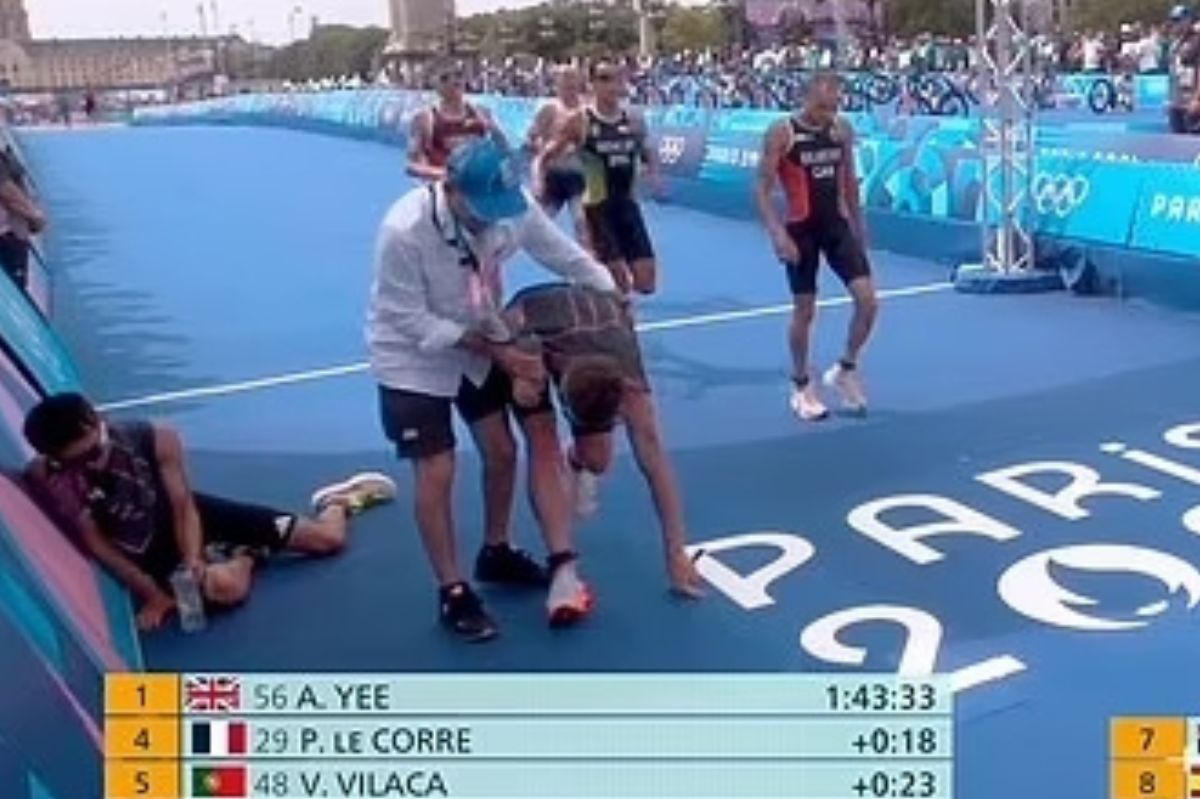 A triathlete vomited after the race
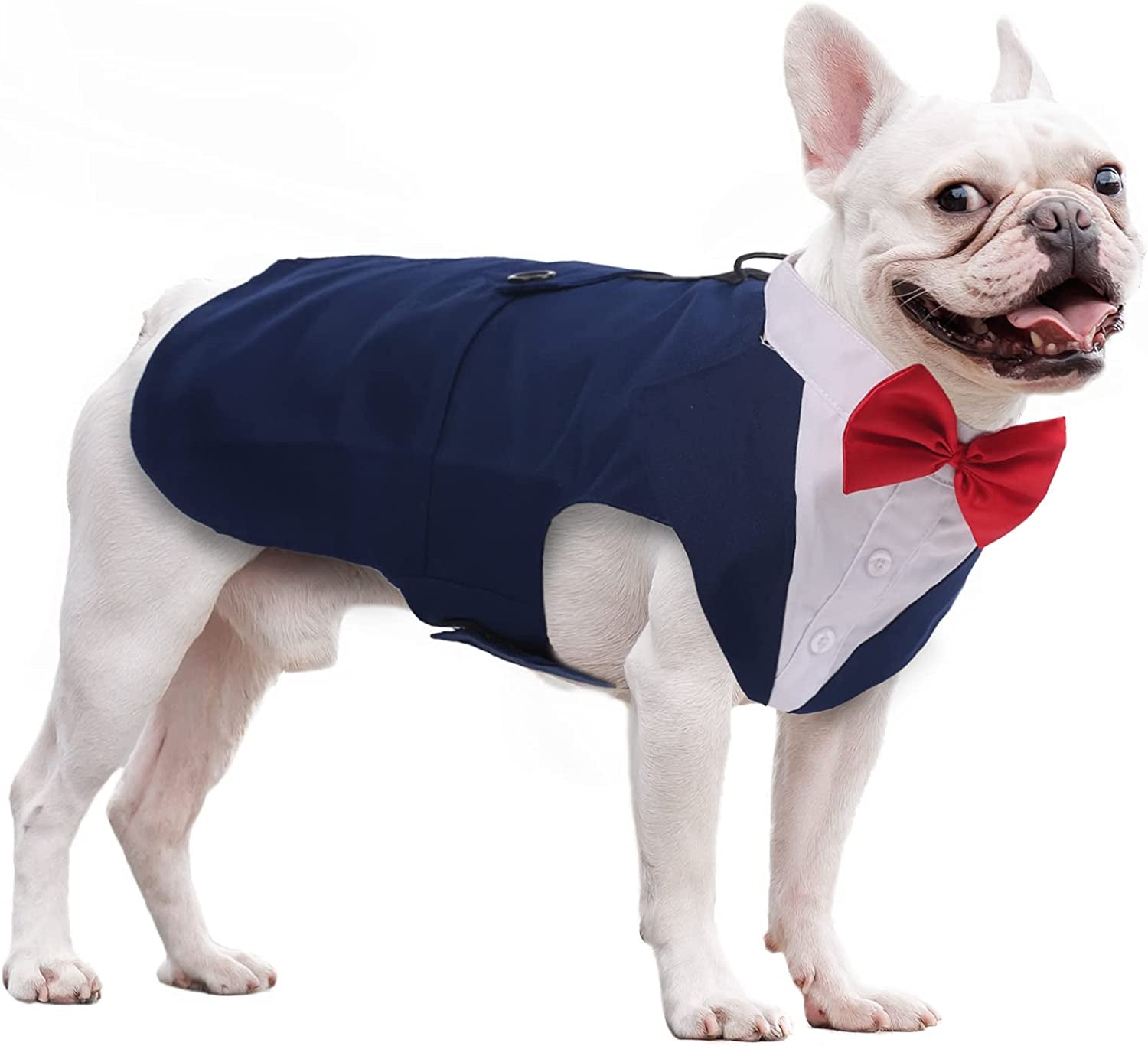 Dog Tuxedo Wedding Party Suit, Formal Tuxedo for Medium Large Dogs, Dog Prince Shirt and Bandana Set with Bow Tie, Weeding Attire Dress-Up Costumes Holiday Wear, Elegant Dog Cosplay Apparel Animals & Pet Supplies > Pet Supplies > Dog Supplies > Dog Apparel ZARYIEEO Blue L(Chest:20.9"-25.6",Back:16.5") 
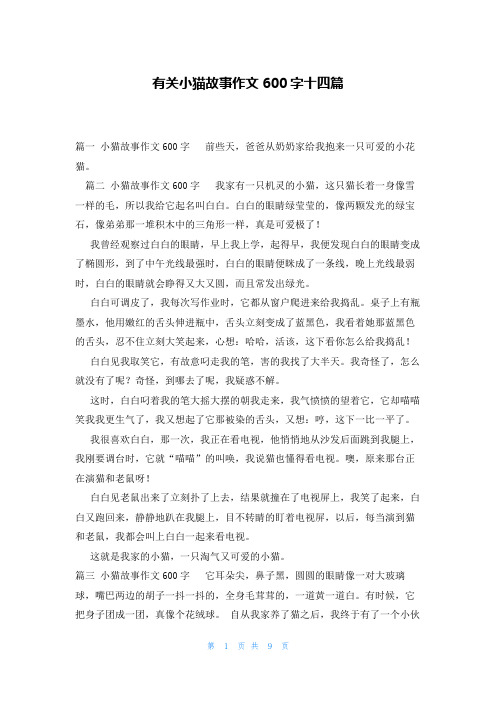有关小猫故事作文600字十四篇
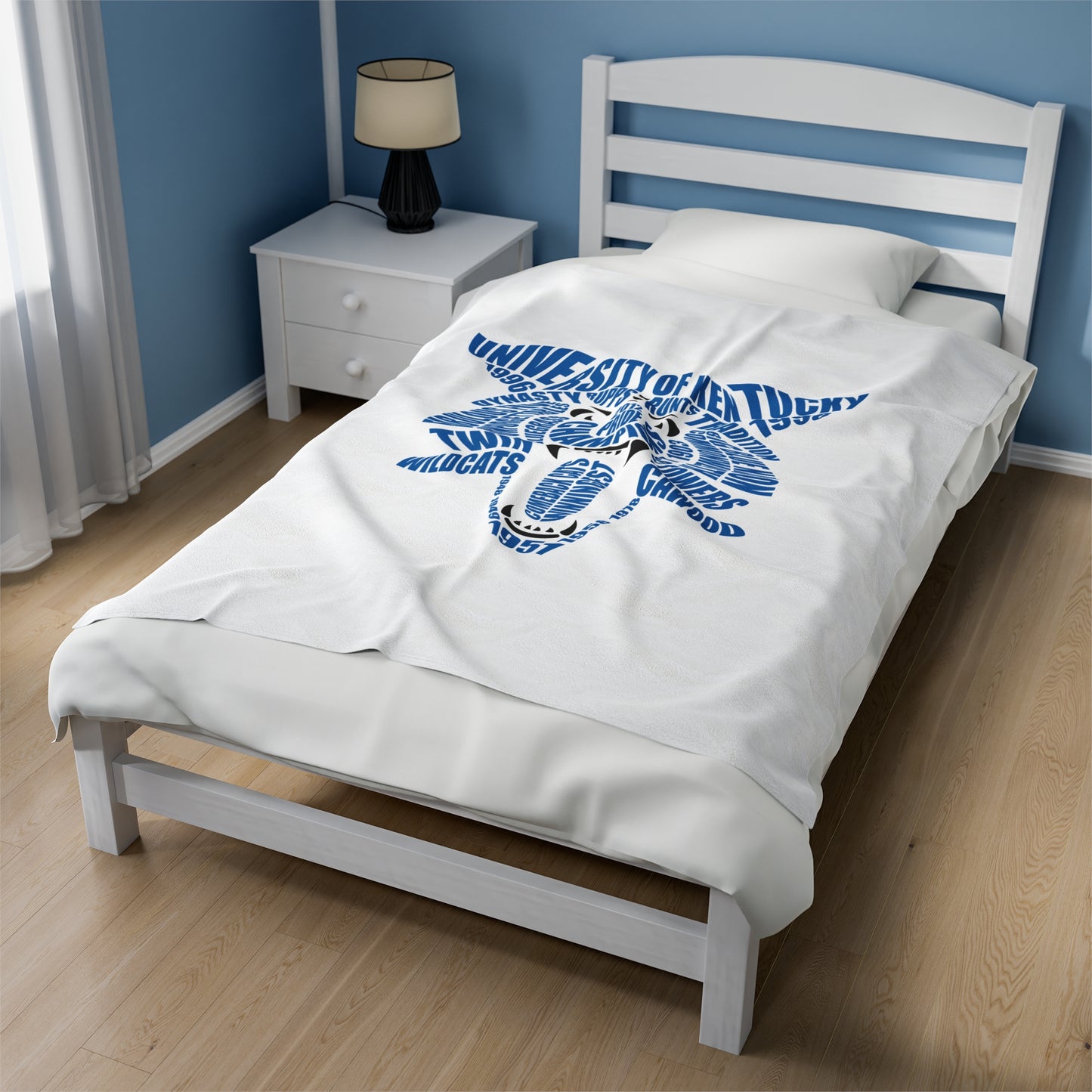 Blue on White Word Cloud Cat Plush Blanket - Soft, Cozy Throw for Wildcat Fans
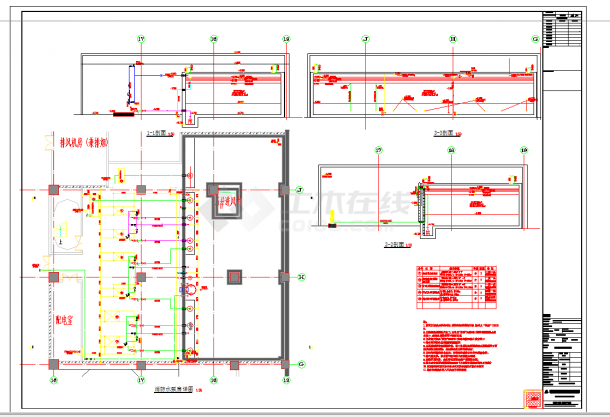 某地高层办公建筑消防水泵房详图CAD图纸-图一
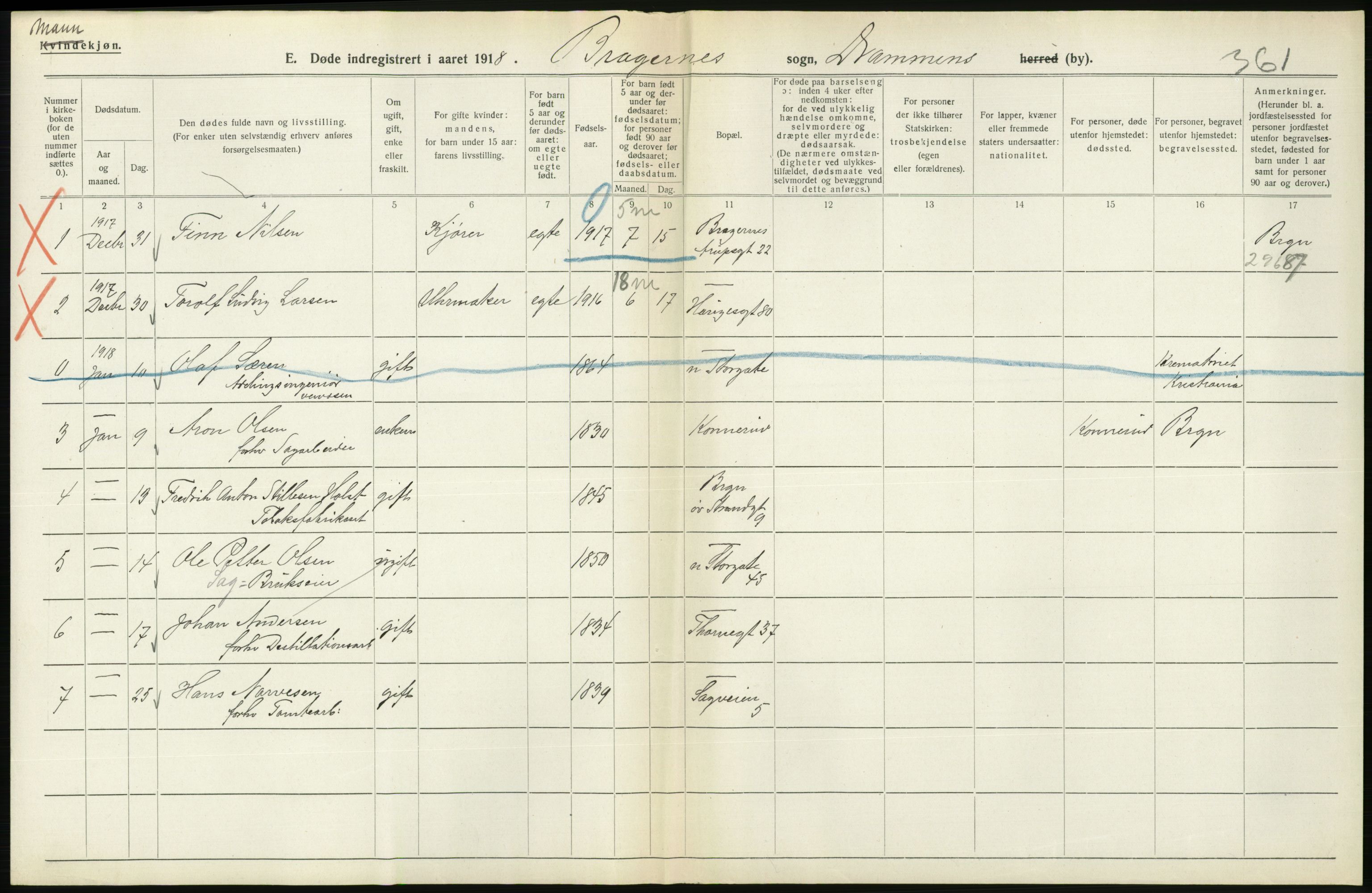 Statistisk sentralbyrå, Sosiodemografiske emner, Befolkning, AV/RA-S-2228/D/Df/Dfb/Dfbh/L0020: Buskerud fylke: Døde. Bygder og byer., 1918, s. 492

• _Exercise_
Only the lines from the one containing "有关小猫故事作文600字十四篇" through the end of the records above should be retyped, exactly as they stand, with any pictures left out.

• _Solution for this problem_
有关小猫故事作文600字十四篇
 Blue on White Word Cloud Cat Plush Blanket - Soft, Cozy Throw for Wildcat Fans
 某地高层办公建筑消防水泵房详图CAD图纸-图一
 Statistisk sentralbyrå, Sosiodemografiske emner, Befolkning, AV/RA-S-2228/D/Df/Dfb/Dfbh/L0020: Buskerud fylke: Døde. Bygder og byer., 1918, s. 492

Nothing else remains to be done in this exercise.